Dipole-Mode Spectrum and Hydrodynamic Crossover in a Resonantly Interacting Two-Species Fermion Mixture
Zhu-Xiong Ye, Alberto Canali, Chun-Kit Wong, Marian Kreyer, Emil Kirilov, Rudolf Grimm
TL;DR
We address how energy- and momentum-transport arise in a mass-imbalanced two-species Fermi gas as interspecies interactions are tuned through a resonant s-wave channel. The authors combine a simple center-of-mass friction-and-mean-field model with precision two-species dipole-mode spectroscopy in a Dy-K mixture to characterize the collisionless-to-hydrodynamic crossover across a Feshbach resonance. They observe a persistent crossover mode and a second mode that splits into two purely damped modes in the hydrodynamic regime; among these, a fast-damping mode provides a precise measure of interspecies drag, and a microscopic friction coefficient is extracted, showing universal behavior on resonance.
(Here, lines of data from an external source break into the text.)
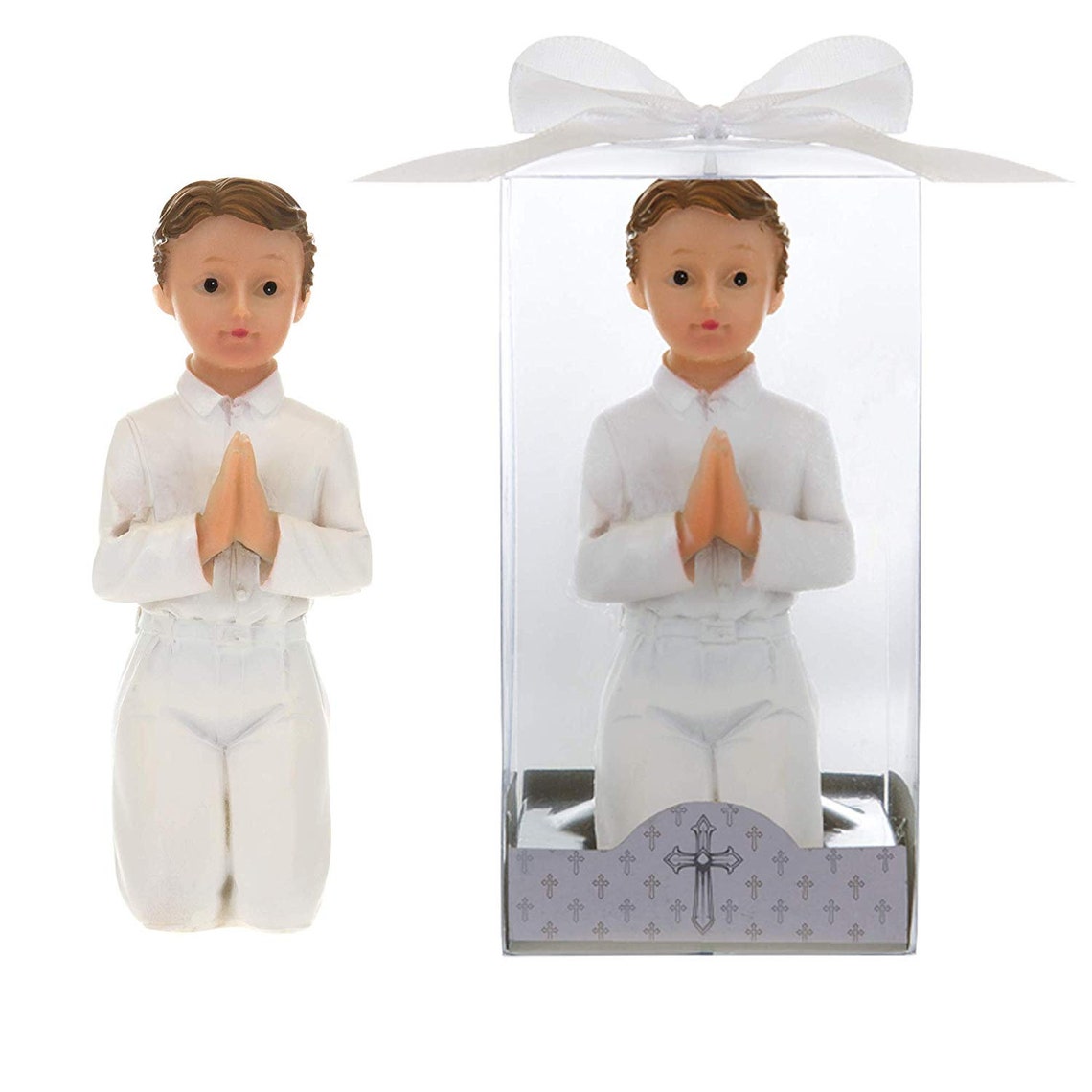Communion Boy Favors or Cake Topper Gift Etsy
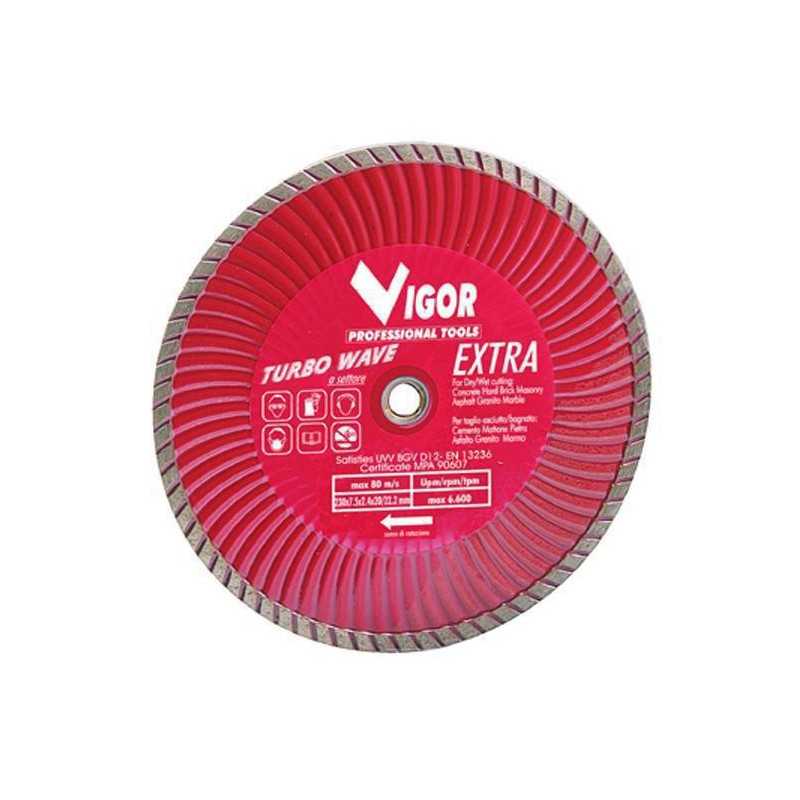 Dischi Diamantati Turbo-Wave Ø mm.230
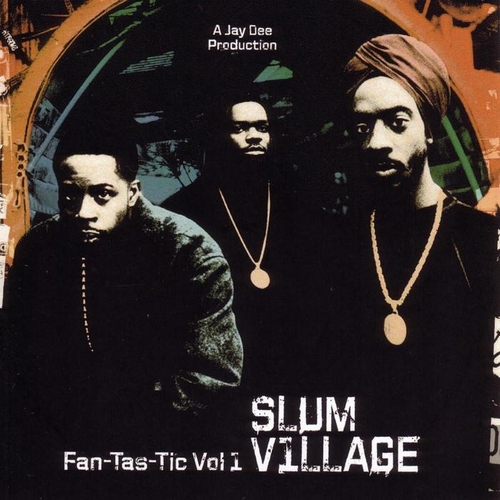 slum villageアルバムレコードhiphop
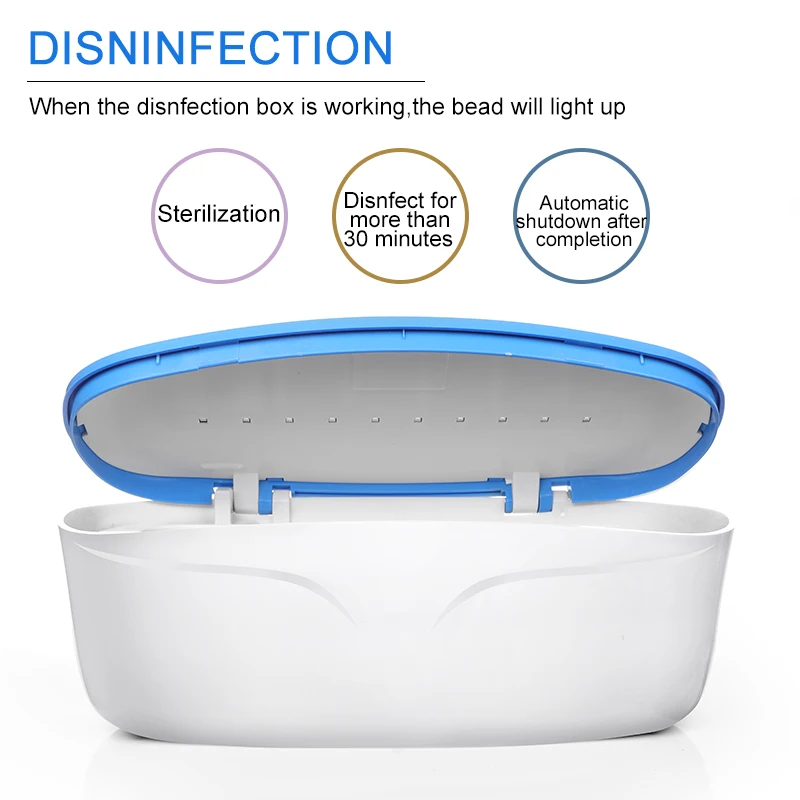 Инструменты для ногтей стерилизатор дезинфекции пинцет маникюра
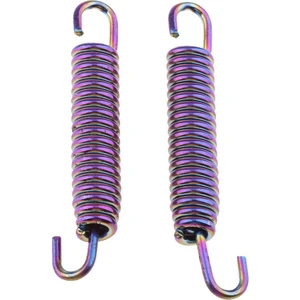 Strade Store 2Parça 65Mm Motosiklet Paslanmaz Çelik Egzoz Borusu Yay Kancası (Yurt Dışından)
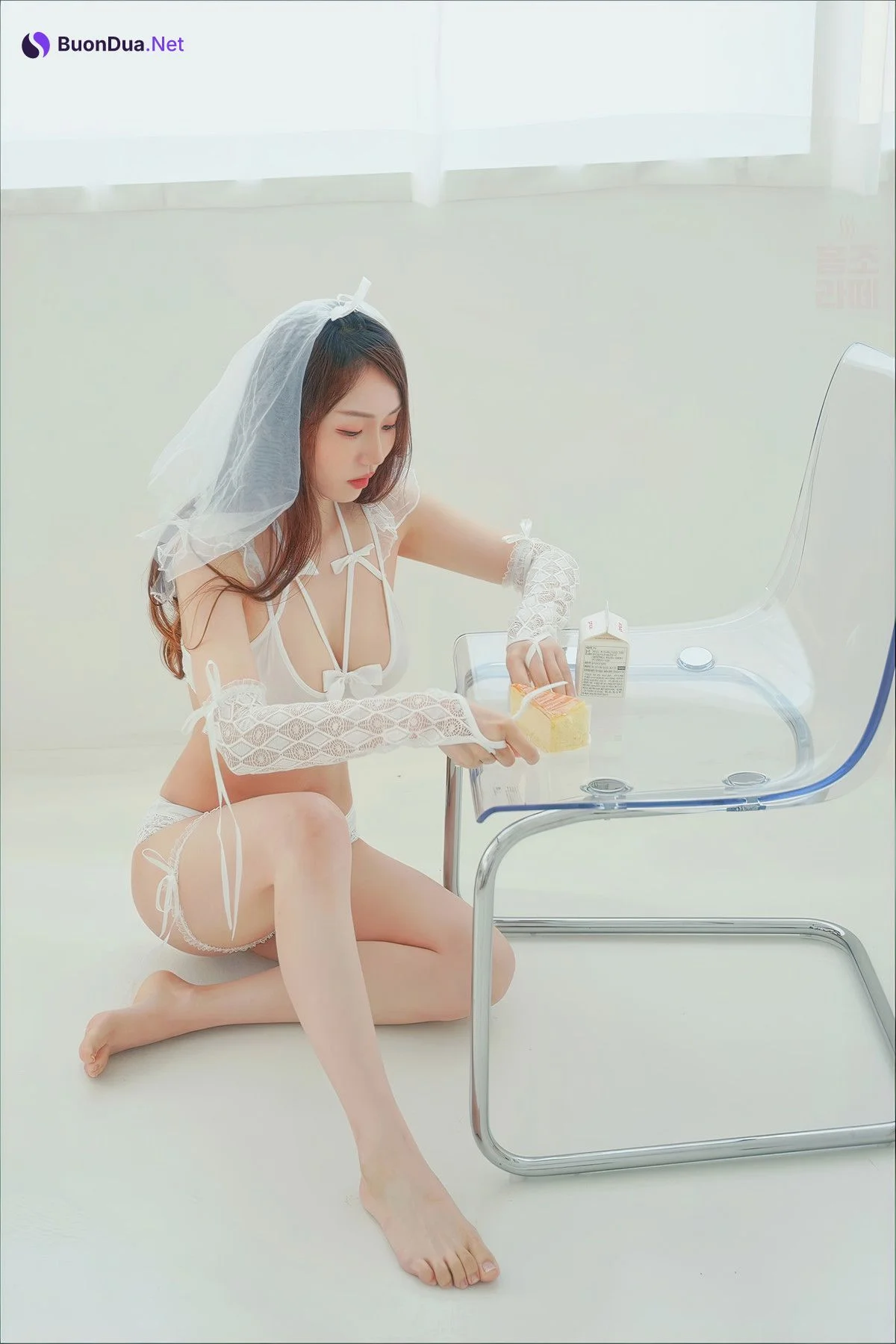 Usagi 홍조라떼 Redy Latte ‘Vol.1 Usagi White Site’ Set.02 - Photo 19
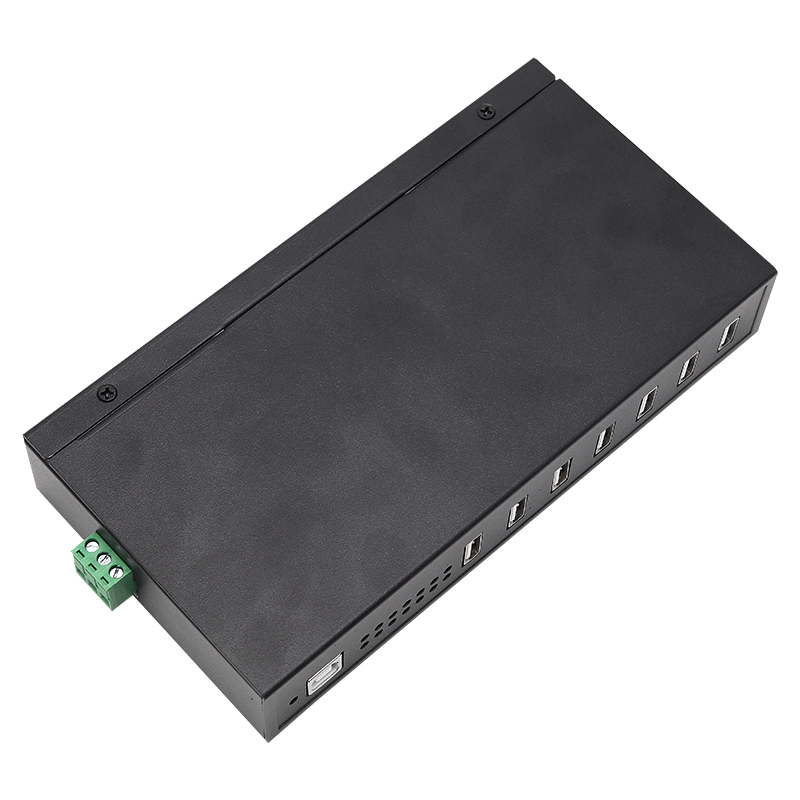 UOTEK Industrial USB Hub 7 Por - Usb Hub 7 Port ulasan dan harga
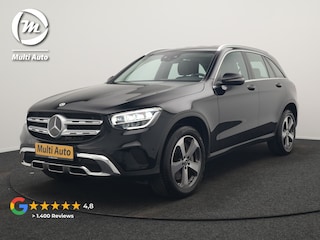 Mercedes-Benz GLC 300e 4MATIC Premium Plug In Hybrid 320pk Dealer O.H. PHEV | Adaptive Cruise | Camera | Lederen Sportstoelen Verwarmd | Apple Carplay | Navigatie | Blis | DAB | 19"L.M |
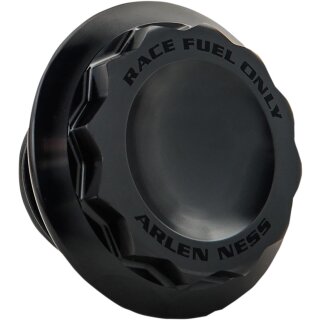 CAP GAS 12-PT BLACK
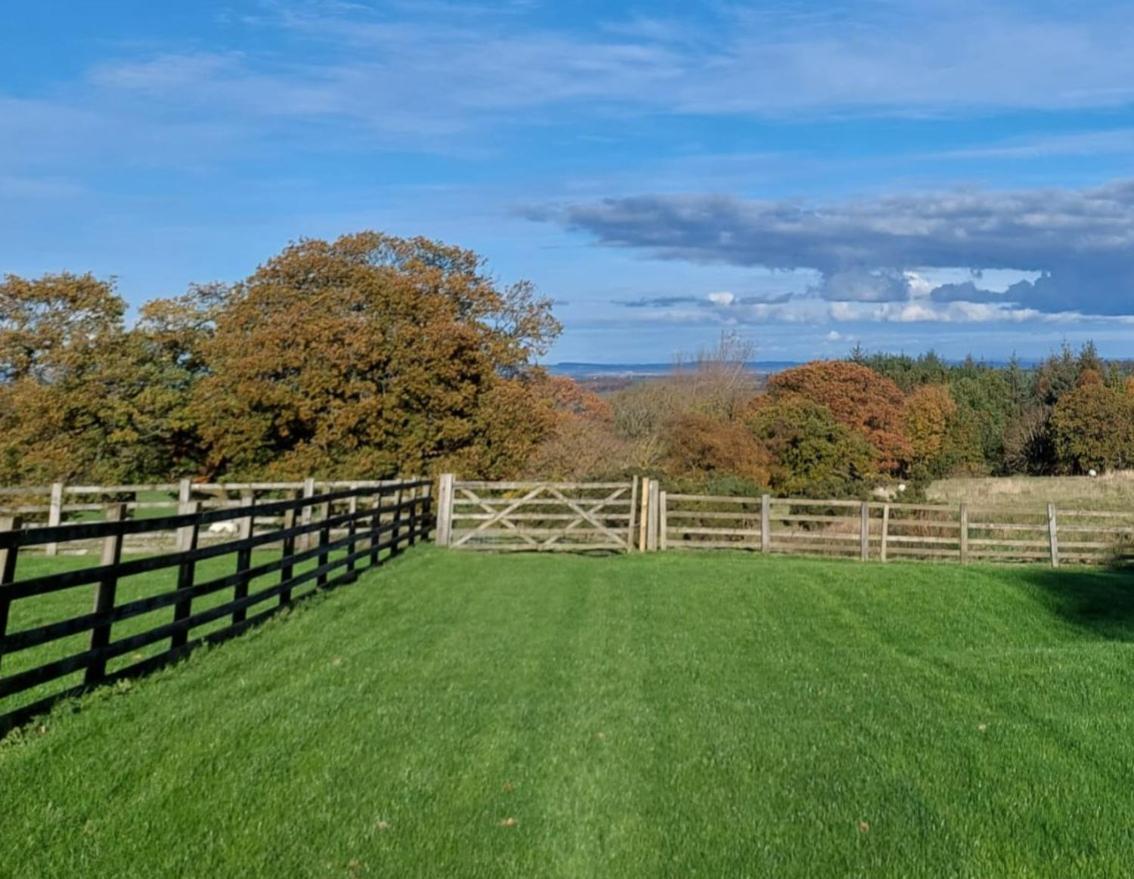Apartament High Whashton Springs Glamping Pod, Richmond Yorks Zewnętrze zdjęcie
Overall, the work provides a quantitative framework for hydrodynamic transport in resonantly interacting two-component Fermi gases and establishes a versatile spectroscopic tool for exploring strongly correlated states in mass-imbalanced mixtures.
Abstract
Ultracold quantum-gas mixtures of fermionic atoms with resonant control of interactions offer a unique test-bed to explore few- and many-body quantum states with unconventional properties. The emergence of such strongly correlated systems, as for instance symmetry-broken superfluids, is usually accompanied by hydrodynamic collective behavior. Thus, experimental progress in this field naturally requires a deep understanding of hydrodynamic regimes. Here, we report on experiments employing a tunable Fermi-Fermi mixture of $^{161}$Dy and $^{40}$K near quantum degeneracy. We investigate the full spectrum of dipole modes across a Feshbach resonance and characterize the crossover from collisionless to deep hydrodynamic behavior in measurements of frequencies and damping rates. We compare our results with a theoretical model that considers the motion of the mass centers of the two species and we identify the contributions of friction and mean-field interaction. We show that one oscillating mode exists over the whole range of interactions, exhibiting striking changes of frequency and damping in the deep hydrodynamic regime. We observe the second oscillating mode to split into two purely exponential damping modes. One of these exponential modes shows very fast damping, faster than any other relevant timescale, and is largely insensitive against experimental imperfections. It provides an accurate measure for the interspecies drag effect, which generalizes the concept of spin drag explored in other experiments. We characterize the interspecies drag locally in terms of a microscopic friction coefficient and we discuss its unitarity-limited universal behavior on top of the resonance.